Holding, who played for Lancashire in the 1981 season, also boasted a great List A record and took 343 wickets in 249 matches in the format. His pace and accuracy would make the team a force to be reckoned with at the start of an innings, taking wickets and proving almost impossible to score from.In a format when yorkers could be key, Holding could well bowl the best of them.
Hand the new ball to Holding. It won’t go wrong.
10. Muttiah Muralitharan
The highest wicket taker in test cricket history with 800 wickets, Muralitharan also has a very impressive T20 record, taking 179 wickets from his 164 games and only conceding runs at 6.38 an over.
Rated the greatest bowler in Test history by Wisden in 2002, ‘Murali’ had four spells at Lancashire, ranging from 1999 to 2007, and would have a vital role in this team – keeping the runs at a minimum, taking wickets and bamboozling batsmen with his variations.
No team in The Hundred could call on a better spinner.
11. Brian Statham
Brian Statham captures his 250th Test wicket as he traps Tiger Lance lbw in the 3rd Test at The Oval in 1965. The slip fielders are Ken Barrington and Colin Cowdrey with Jim Parks keeping. Atholl McKinnon is the non striker pic.twitter.com/AoBYLN8KUi
— Historic Cricket Pictures (@PictureSporting) October 13, 2019
This one certainly is a gamble.
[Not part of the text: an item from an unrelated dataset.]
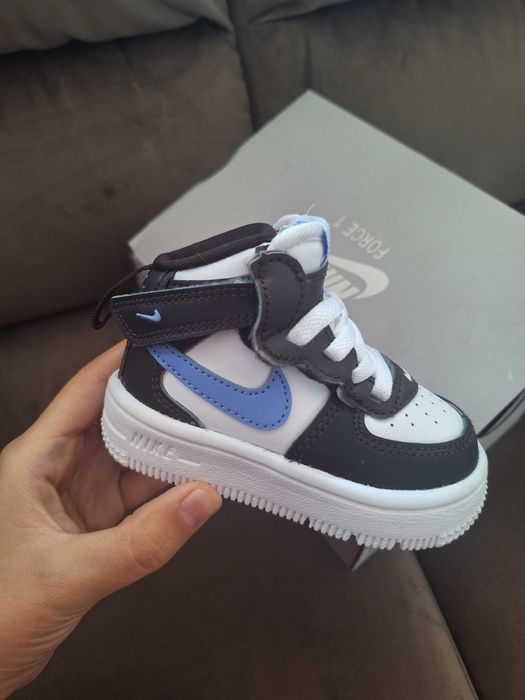 Бебешки обувки Nike Force 1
Statham is widely considered the county’s greatest ever player, taking 2260 wickets from his 559 First Class matches at an incredible average of 16.37.
The problem arises when you consider that these matches took place from 1950 to 1968, an era of cricket very much detached from the glitz and glamour of modern franchise tournaments.
However, Statham did have some experience in limited overs cricket, taking 22 wickets from 15 List A matches, with an economy rate of 2.8, which is remarkably different from those of the modern era.
Granted scoring was slower 50 years ago, but Statham’s deviation off the pitch could prove useful in white ball cricket. It may be a stretch to assume that a bowler of the 50s would flourish in cricket’s newest game, but if you can bowl as well as Statham did in one format, you can’t be too bad in another.
Known as an excellent fielder, he would be one of my boundary riders and takes the final spot in a bowling attack that no batsman would be confident scoring from.